I Still Haven't Found What I'm Looking For
That decision ultimately earned me a "bless her heart" badge because I do not have the authority to be that voice.
Even today, nearly three years since my separation and nearly two full years of my actual divorce, I do not know what the hell it is I'm doing. I don't even know what it is I'm supposed to be doing.
So, I hope to God I've taken the first step toward a promising direction by doing one simple, yet crucial thing: tell the truth.
That's right: I've been holding back. As a result, I've not even come close to being that voice I needed to read.
Because the authority was in telling the truth as I experience what I struggled to get through, and, in some ways, what I continue to struggle through.
I've wanted so much to be brave, to act like my marriage's break up was a little ding in my ego, but that has not been the case. Getting a divorce turned my world upside down. I knew it would. I did it anyway, and I've felt almost fine ever since.
Still, I don't regret walking out and starting this new direction.
I recently discovered that this blog allows me to let out my thoughts of what's happened in the last few years because I rarely discuss my divorce here in my home state with my family and friends.
I know why I practice this "mums the word" technique--those close to me at home either have implicitly or explicitly told me I need "to get over it already." By contrast, friends I recently visited in Boston didn't seem to mind listening, a needed relief of which I took full advantage.
Though I risk disappointing people with this post, I cannot bare to stay silent for someone else's comfort any more. It's literally making me sick.
So, honesty is the direction I'm heading. Some of my future posts may be as messy as the experience I describe, but they'll be honest.

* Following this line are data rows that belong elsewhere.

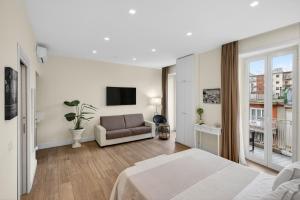 a hotel room with a bed and a couch at Pompei Luxury Suites-Near Ruins in Pompei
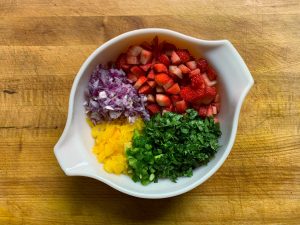 ingredients of Strawberry salsa recipe, including red onion, yellow bell pepper, strawberries, jalapeño, and cilantro, all finely diced in a dish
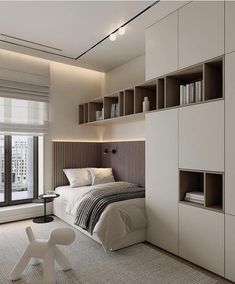 a bedroom with a bed, bookshelf and window in the corner next to it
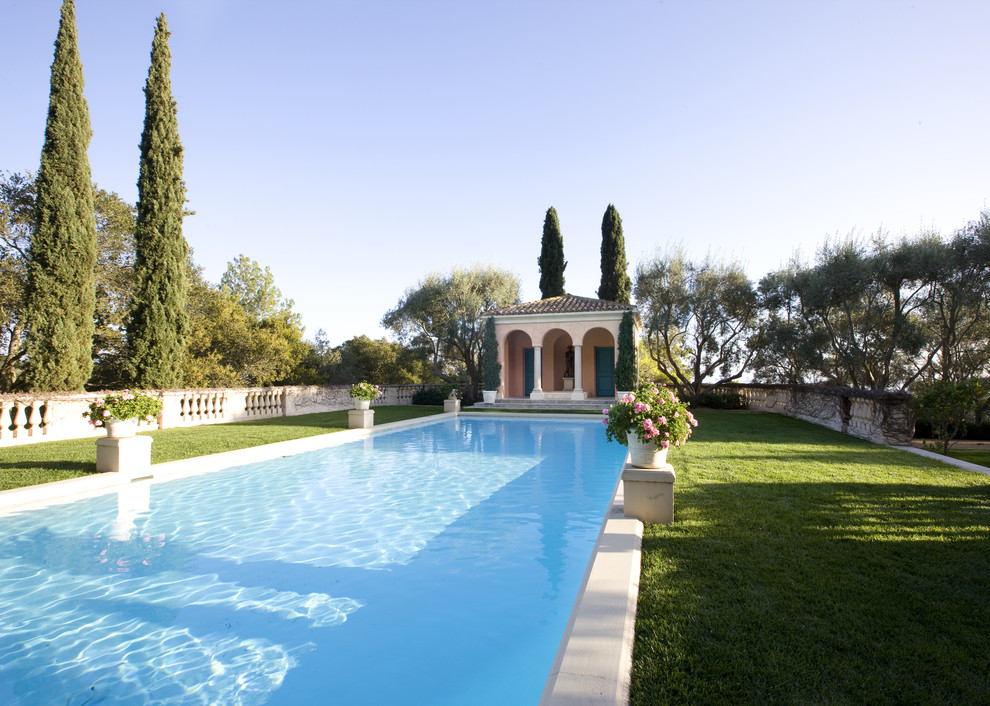 Expansive mediterranean back rectangular lengths swimming pool in Santa Barbara with a pool house.
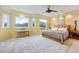 Main bedroom with a king bed and large windows at 7716 Club Ln, Sarasota, FL 34238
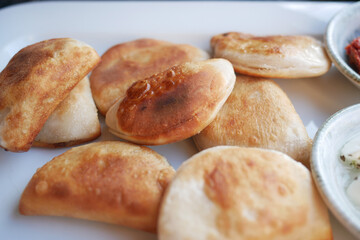 Delicious freshly cooked pastries served on a white platter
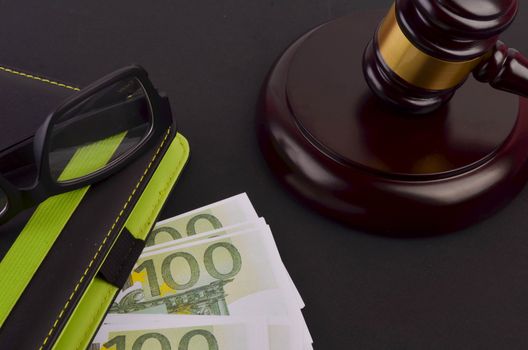 Gavel for judge lawyer with Euro banknotes on black background.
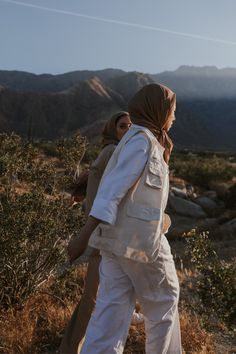 two women walking in the desert with mountains in the background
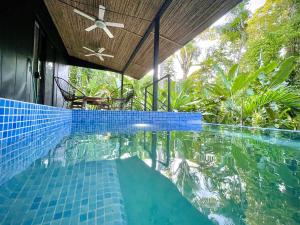 a swimming pool with a blue tile floor and a ceiling at Villa JOEYSHE- New Luxury Villa with Pool & AC in Puerto Viejo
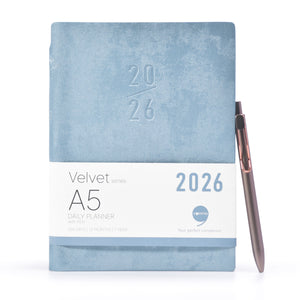 Blue A5 daily planner with a pen on a white background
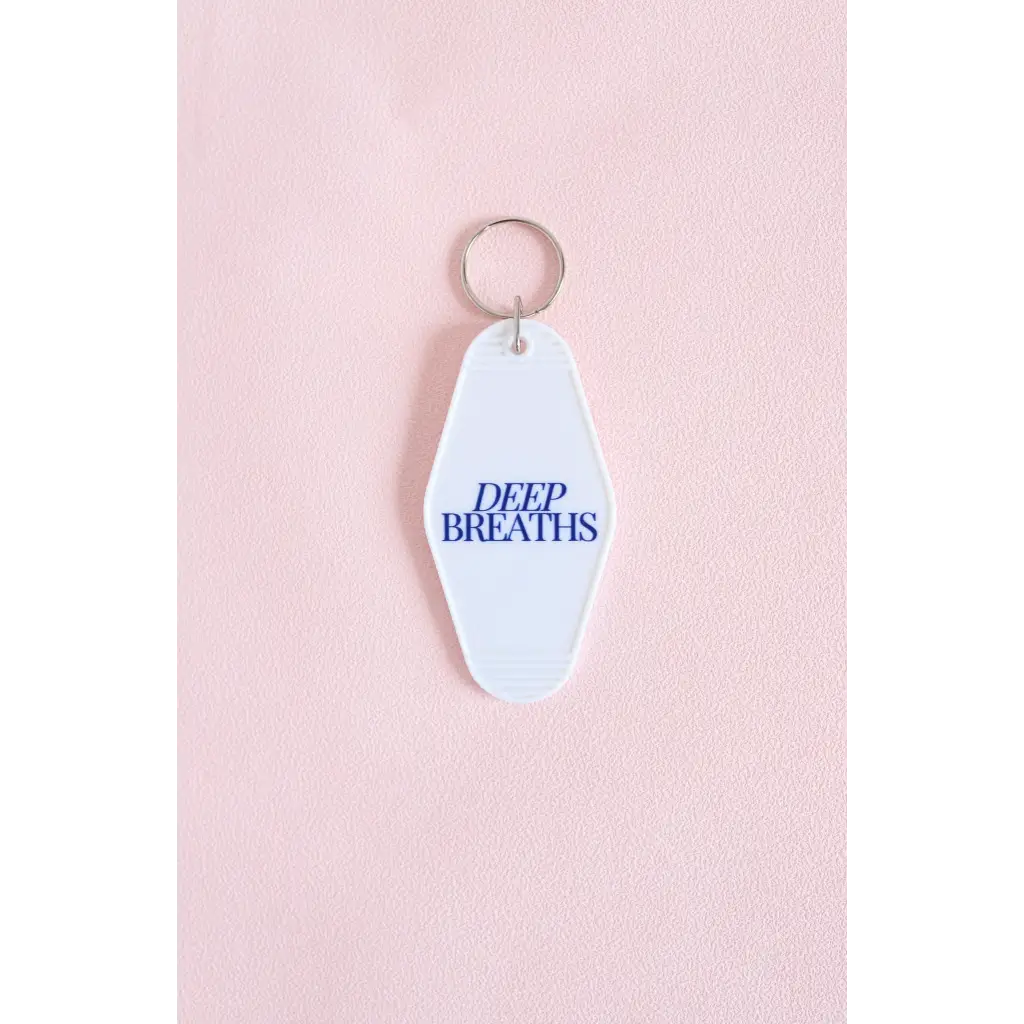 White vintage hotel keychain with Deep Breaths text in blue for calm moments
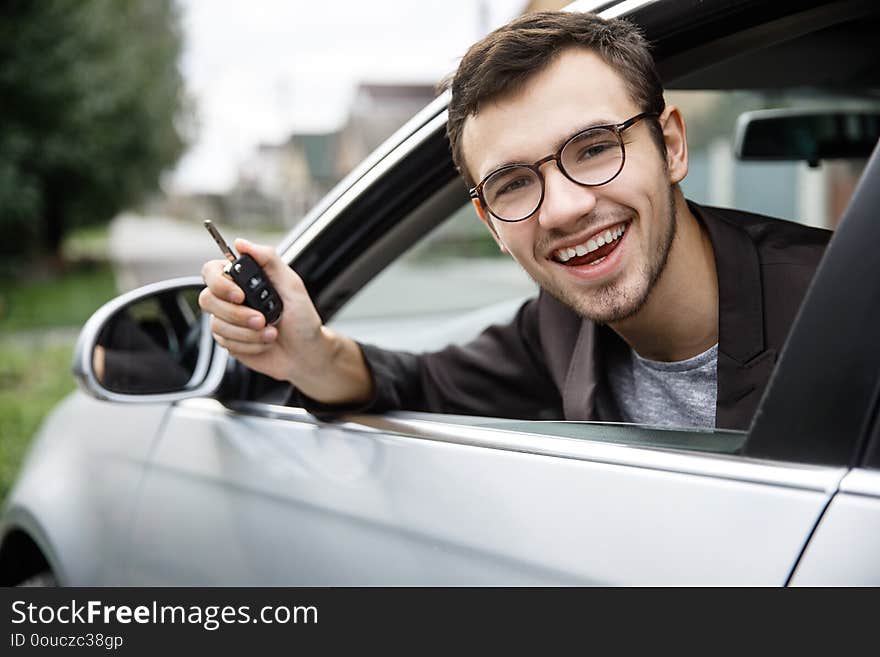 Satisfied young guy is peeking from the car window while looking at the camera. He is holding the keys at his right hand. Lottery winner concept.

It is my full belief that the greatest act of love comes from having the cojones of saying the thing no one else can utter. Honesty is the first step in true healing and forward movement.
And The Truth Is...
The truth is I learned that I have to learn to trust my instincts all over again. I learned that leaving a marriage means creating an entirely new normal, and creating that new normal is ongoing and hard AF.
I learned that what breaks you does not make you stronger--it leaves you broken. You then have to decide what to do with that brokenness--leave it to heal or nurse the wound forever. I've learned that scars are par for the course and it's an effing small tax to pay to live the life according to the way I see fit.
I've learned that my lessons will never end.
So, that's where this blog is going. I'm not the voice of reason. I'm not some sassy-pants confident confidante. I'm a GAD-ridden, messy, curious, and fiercely independent person--all characteristics I never thought would describe me. But there it is.
Lastly, I've learned being almost fine leaves me without the certainty I prefer, but that's not a bad thing. It keeps me open, it keeps me willing to go back in, and it keeps me on my toes enough on the tightrope to balance then move, balance then move.
Would I want my life any other way?
But this is the one I've got. So, all I can do is experience it and then share it all with you.